The objective of the protocol is to compute a duplicate insensitive aggregate of the state of nodes in a MANET. The aggregate could be initiated by any of the nodes in the MANET or by a special static node such as a base station that is connected to the rest of the nodes. The aggregate needs to be disseminated to all nodes in the network. The protocol could be invoked in a oneshot or periodic aggregation mode.
3.2 Mobility model
We consider 3 different mobility models for our evaluations.

The first is a random direction mobility model (with reflection) [32, 33] for the nodes. This is a special case of the random walk mobility model [34]. In this mobility model, at each interval a node picks a random direction uniformly in the range [0,2π] and moves with a constant speed that is randomly chosen in the range [v_{ l },v_{ h }]. At the end of each interval, a new direction and speed are calculated. If the node hits a boundary, the direction is reversed. Motion of the nodes is independent of each other. An important characteristic of this mobility model is that it preserves the uniformity of node distribution: given that at time t=0 the position and orientation of users are independent and uniform, they remain uniformly distributed for all times t>0 provided the users move independently of each other [31, 33].
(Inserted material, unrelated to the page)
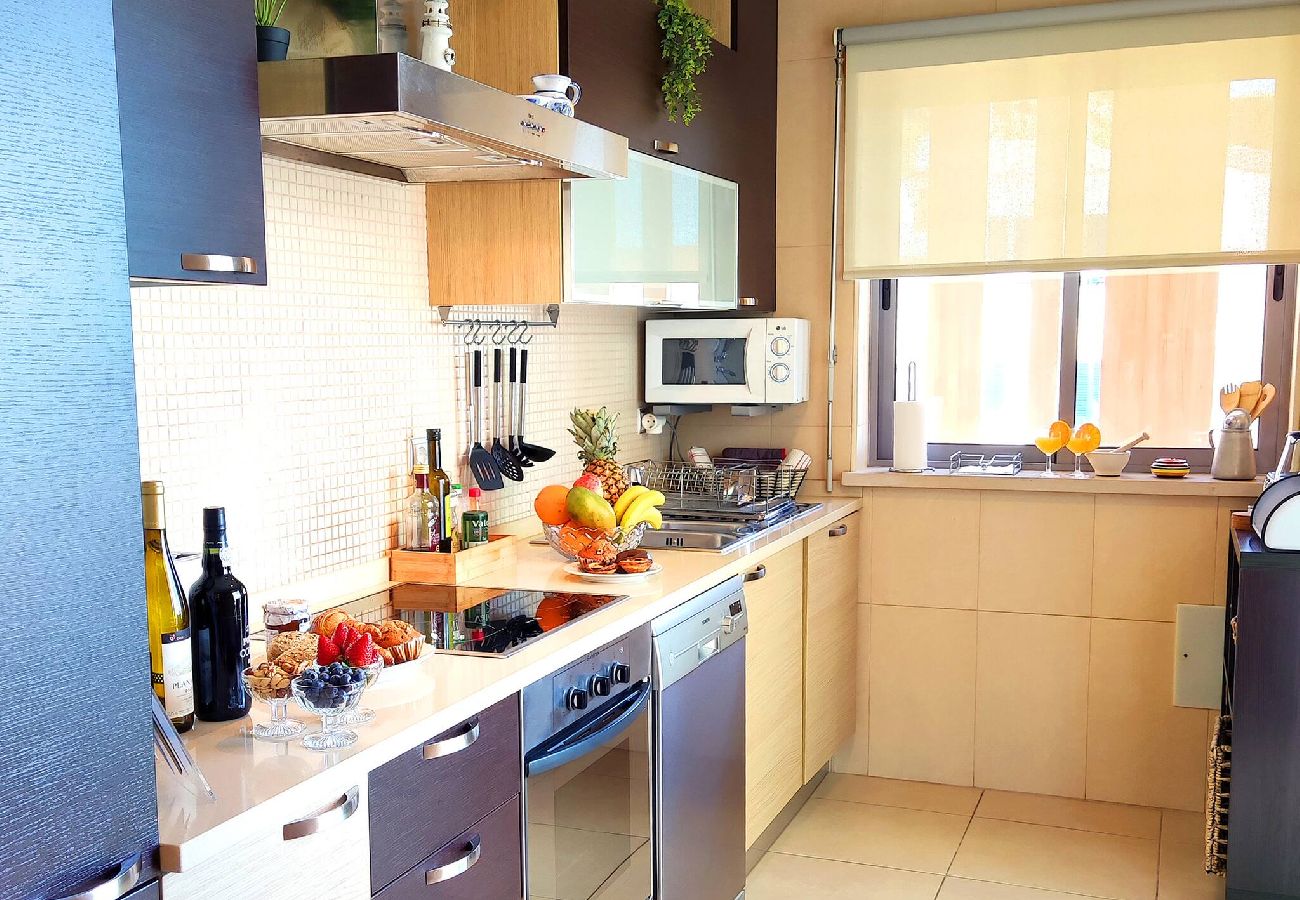 Apartamento em Albufeira - Beach Condo with Atlantic Ocean view by Be Cherish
The second is random waypoint mobility model. Here, each mobile node randomly selects one location in the simulation area and then travels towards this destination with constant velocity chosen randomly from [v_{ l },v_{ h }] [34]. Upon reaching the destination, the node stops for a duration defined by the pause time. After this duration, it again chooses another random destination and the process is repeated. We set the pause time to 2 s between successive changes.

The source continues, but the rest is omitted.